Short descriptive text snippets
+---+

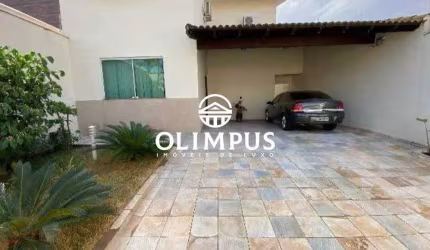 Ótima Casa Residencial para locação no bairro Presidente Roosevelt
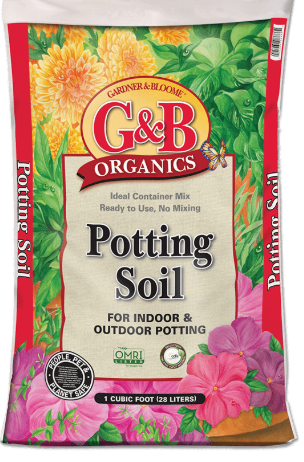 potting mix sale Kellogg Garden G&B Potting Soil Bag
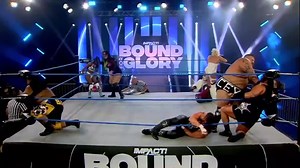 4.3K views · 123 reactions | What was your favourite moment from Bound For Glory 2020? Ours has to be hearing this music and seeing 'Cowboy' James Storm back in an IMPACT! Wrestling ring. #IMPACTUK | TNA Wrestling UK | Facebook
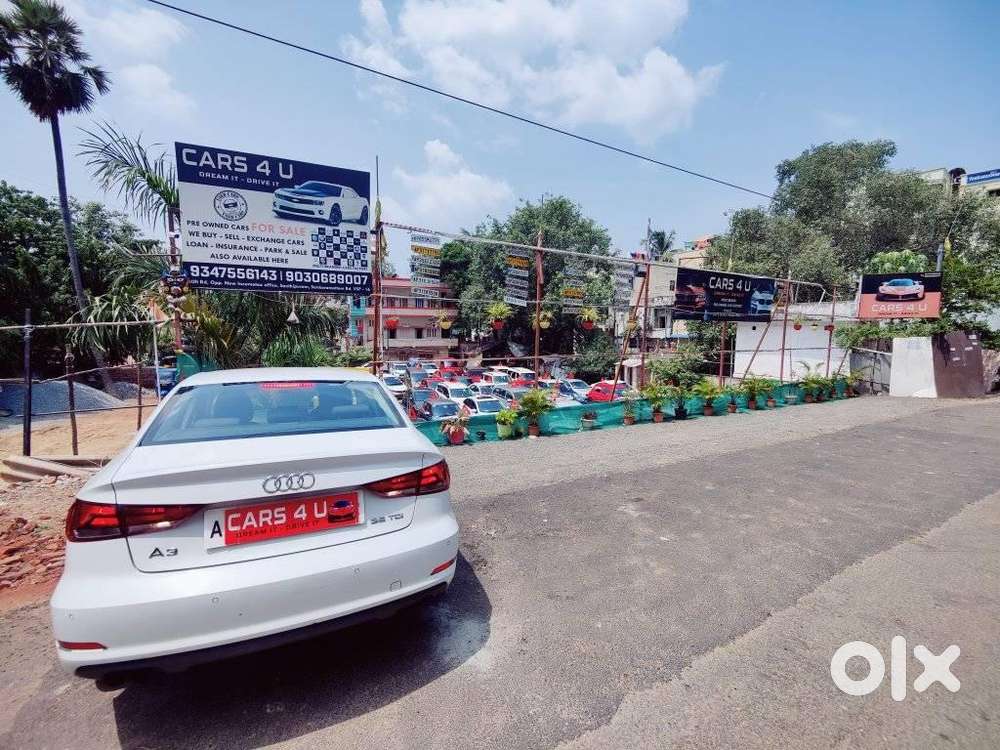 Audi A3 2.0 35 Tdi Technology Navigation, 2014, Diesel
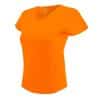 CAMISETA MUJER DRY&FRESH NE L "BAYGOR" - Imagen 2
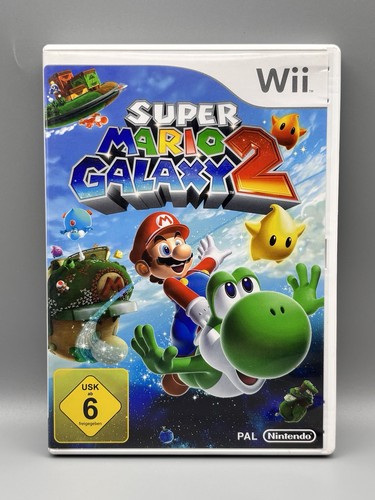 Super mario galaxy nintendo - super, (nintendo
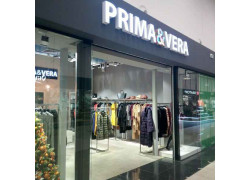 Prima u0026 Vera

+---+

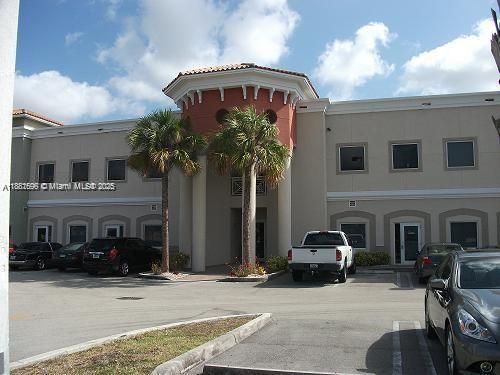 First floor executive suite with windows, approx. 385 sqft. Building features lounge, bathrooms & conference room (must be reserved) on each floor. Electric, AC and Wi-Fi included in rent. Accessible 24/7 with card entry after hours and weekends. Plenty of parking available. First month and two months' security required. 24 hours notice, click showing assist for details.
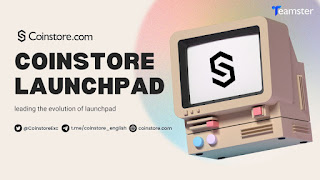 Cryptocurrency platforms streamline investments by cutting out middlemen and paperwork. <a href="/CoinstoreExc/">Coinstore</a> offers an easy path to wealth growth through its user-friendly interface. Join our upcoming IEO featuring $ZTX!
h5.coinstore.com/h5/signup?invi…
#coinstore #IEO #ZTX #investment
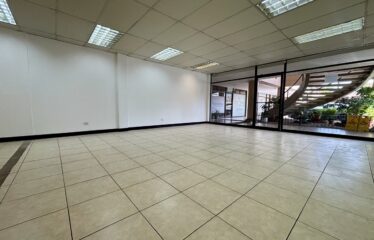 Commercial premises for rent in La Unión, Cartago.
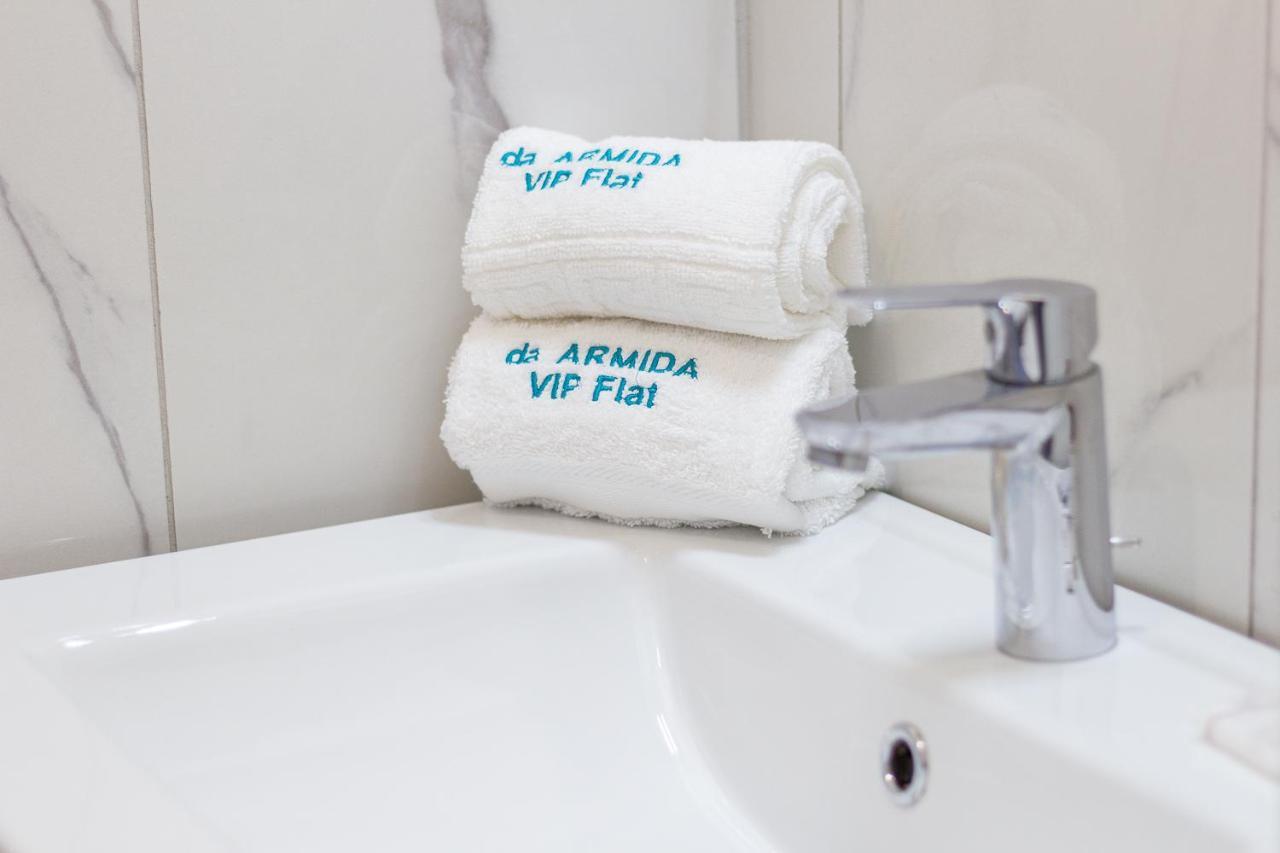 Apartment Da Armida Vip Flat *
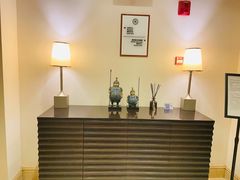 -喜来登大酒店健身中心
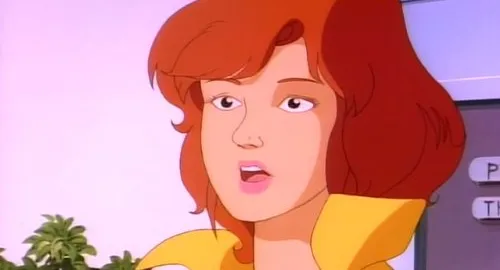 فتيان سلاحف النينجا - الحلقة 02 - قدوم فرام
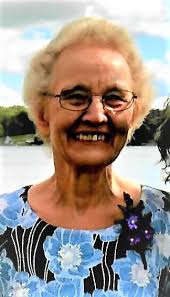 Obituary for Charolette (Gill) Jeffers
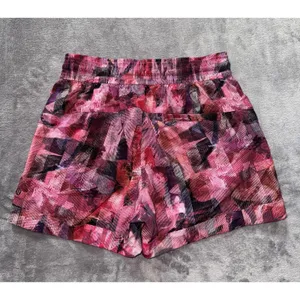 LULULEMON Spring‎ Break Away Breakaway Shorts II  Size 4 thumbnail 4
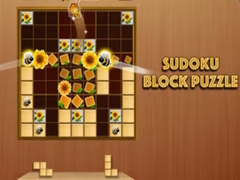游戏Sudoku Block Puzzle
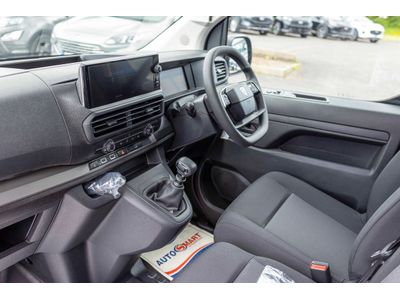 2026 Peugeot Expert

+---+

Using the entries above, transcribe exactly from the line that has "Super mario galaxy" through the line that has "Prima u0026 Vera". Pictures are dropped.

Solution to the exercise
 Super mario galaxy nintendo - super, (nintendo
 Prima u0026 Vera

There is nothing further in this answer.